MATERIAL TO PROCESS |

= Beginning of Section =

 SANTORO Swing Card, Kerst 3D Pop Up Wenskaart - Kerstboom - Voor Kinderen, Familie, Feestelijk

= End of Section =
= Beginning of Section =

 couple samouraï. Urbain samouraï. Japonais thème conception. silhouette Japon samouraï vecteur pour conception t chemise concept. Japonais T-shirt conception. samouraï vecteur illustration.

= End of Section =
= Beginning of Section =

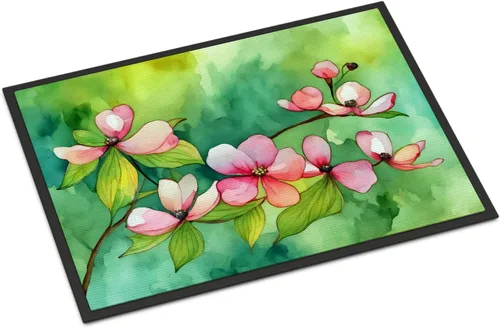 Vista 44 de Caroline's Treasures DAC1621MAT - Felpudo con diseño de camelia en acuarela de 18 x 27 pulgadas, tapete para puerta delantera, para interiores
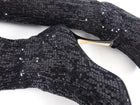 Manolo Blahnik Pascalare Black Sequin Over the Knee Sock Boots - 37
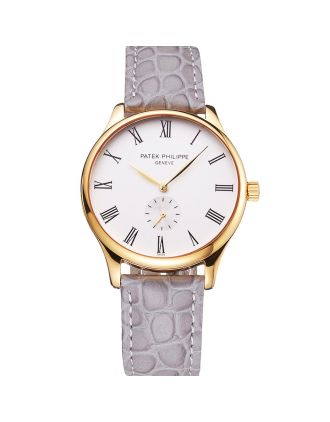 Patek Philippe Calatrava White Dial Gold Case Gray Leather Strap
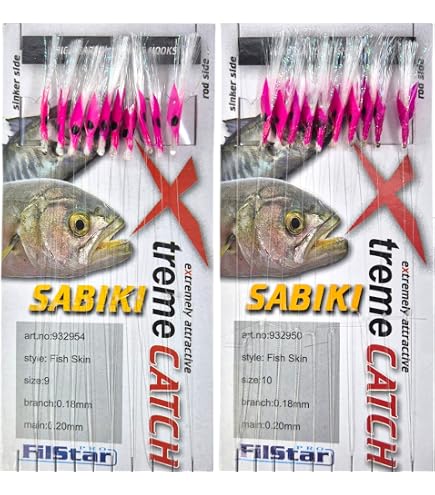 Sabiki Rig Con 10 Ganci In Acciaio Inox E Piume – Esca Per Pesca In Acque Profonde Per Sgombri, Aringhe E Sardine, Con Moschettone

= End of Section =

EXERCISE BRIEF |
Here the job is to copy the listing above word for word, starting at the line with "Manolo Blahnik Pascalare" and ending at the line with "Sabiki Rig Con", and to leave out the pictures.

EXERCISE OUTPUT |
 Manolo Blahnik Pascalare Black Sequin Over the Knee Sock Boots - 37
 Patek Philippe Calatrava White Dial Gold Case Gray Leather Strap
 Sabiki Rig Con 10 Ganci In Acciaio Inox E Piume – Esca Per Pesca In Acque Profonde Per Sgombri, Aringhe E Sardine, Con Moschettone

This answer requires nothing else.